J’ajoute ici encore un mot. Le pardon des péchés est autre chose que le jugement des péchés. Je ne crois pas qu’il y ait une paix ferme et bien établie, en rapport avec la justice, avant que cette dernière œuvre soit opérée. Une personne peut être joyeuse à cause du pardon de ses péchés, et l’être avec raison, tout en n’ayant que très peu de connaissance d’elle-même et du péché ; mais il faut qu’elle acquière cette connaissance. Si elle l’a acquise par la loi, avant que le pardon des péchés soit connu, tout le reste est facile ; mais avec un évangile plein et gratuit, tel surtout qu’il est prêché de nos jours, le pardon des péchés est souvent connu là où le moi ne l’est pas ; il faut pourtant qu’on apprenne à le connaître. L’épître aux Romains traite des péchés jusqu’à la fin du verset 11 du chapitre 5 ; elle entreprend alors la question du péché, développée en rapport avec la loi au chapitre 7 ; le résultat étant, non que Christ a été présenté pour propitiatoire par Son sang (Rom. 3, 25), mais que nous ne sommes pas « dans la chair », mais « en Christ ». Vous rencontrerez plus d’une âme qui se réjouit dans le pardon des péchés, et qui ne pourrait pas penser au tribunal sans crainte. Ces âmes ne connaissent pas Christ comme justice. Le sang de la Pâque sur le linteau des portes n’était pas la même chose que la délivrance d’Égypte en traversant la mer Rouge. On dira qu’Israël était en sûreté par le sang — assurément. Dieu était pour eux ; mais ils n’en avaient pas connaissance en tant que délivrance de l’état dans lequel ils étaient ; aussi lorsque Pharaon les poursuit à la mer Rouge, ils sont effrayés ; mais une fois qu’ils ont passé la mer, ils sont libres.

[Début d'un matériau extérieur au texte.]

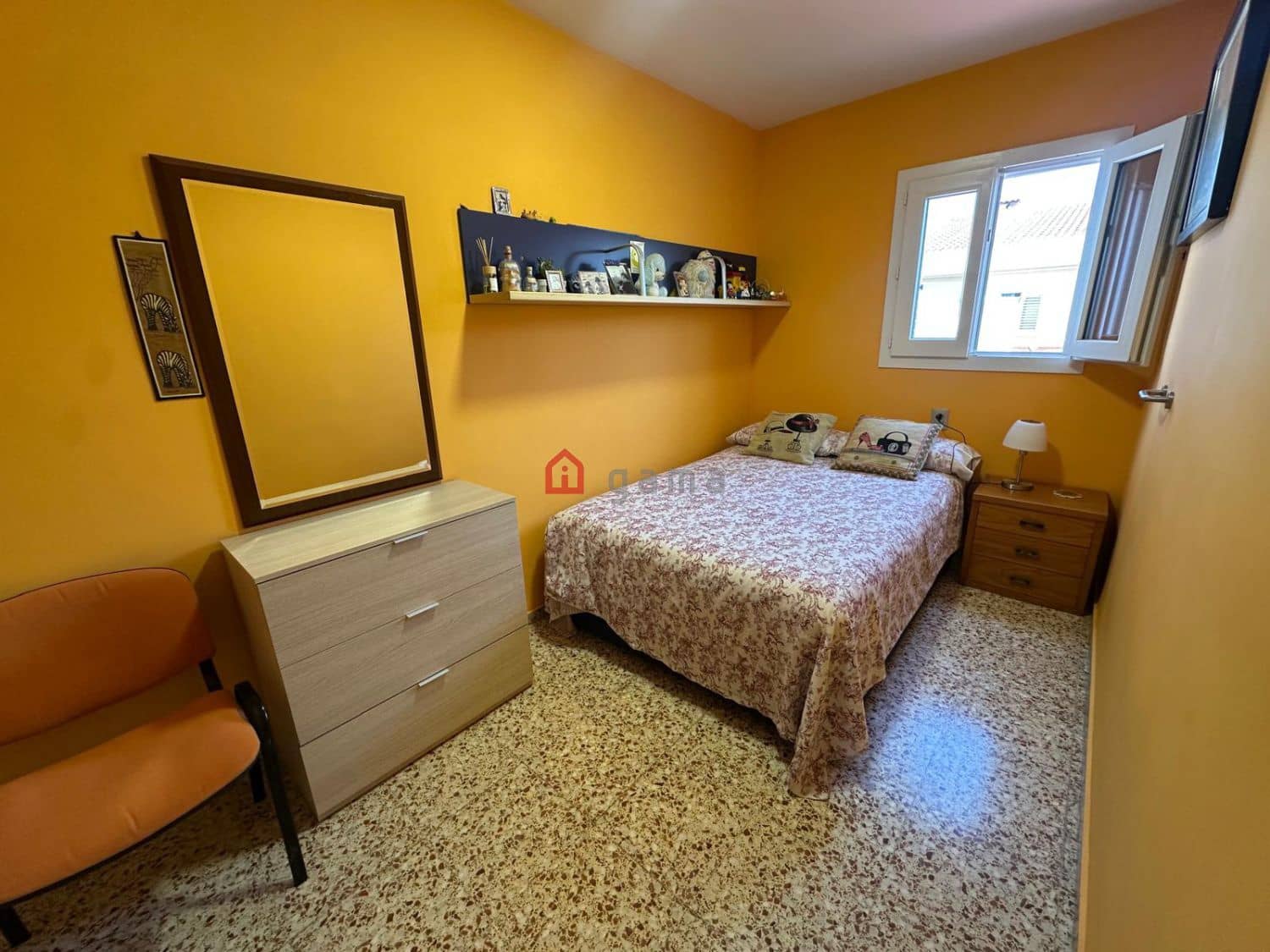 3 quarto Moradia em Banda para venda em Benicassim com garagem - 350 000 € (Ref: 9889963)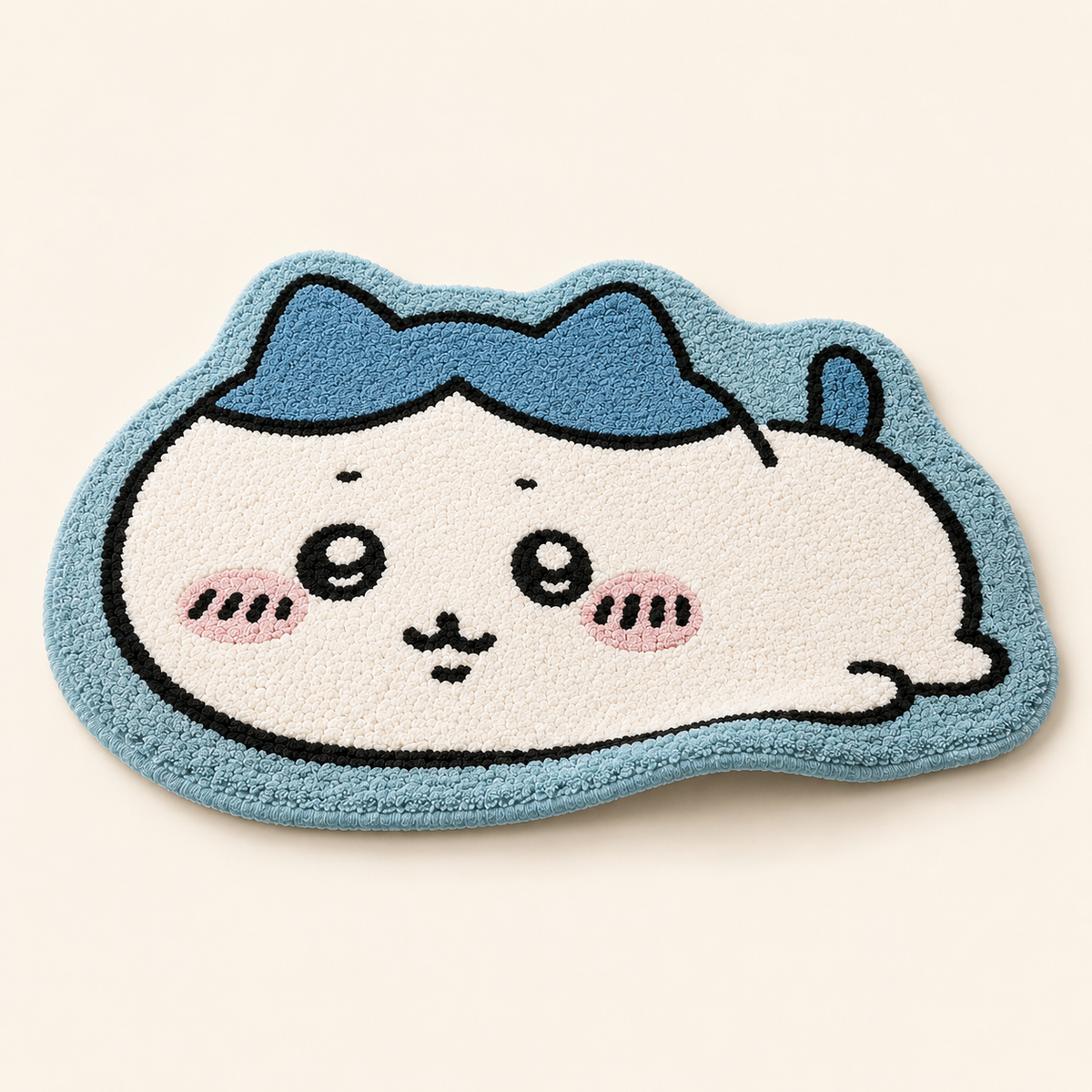 Sunny Hop Rug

Aurais-je donc un instant la pensée qu’il ne faudrait pas annoncer aux pécheurs un salut plein, gratuit, accompli ? À Dieu ne plaise ! Voudrais-je que l’on insistât sur la nécessité d’une certaine mesure de repentance comme préliminaire ? Je rejette complètement une telle pensée. Je crois que la vie de Christ eut précisément pour effet de rendre à l’homme la confiance en Dieu que Satan avait détruite chez l’homme ; que ce manque de confiance précéda et ouvrit à la convoitise l’entrée dans le cœur d’Ève. Mais tout cela ne m’empêche pas de croire que la foi à cet évangile, produit dans le cœur une œuvre subjective profonde, dans laquelle le cœur humilié, brisé, soumis, se repent envers Dieu ; les justes droits de Dieu sont reconnus, et le moi jugé. On me dira qu’un homme a la vie, lorsque ces choses se passent en lui ? Soit. Mais il n’en est pas moins vrai que cette œuvre est opérée, qu’il faut qu’elle le soit ; et qu’elle l’est avant la réception du Saint Esprit, selon Actes 2 ; par conséquent aussi avant la joie et la liberté ; bien que la vérité, et une vérité croissante, demeure.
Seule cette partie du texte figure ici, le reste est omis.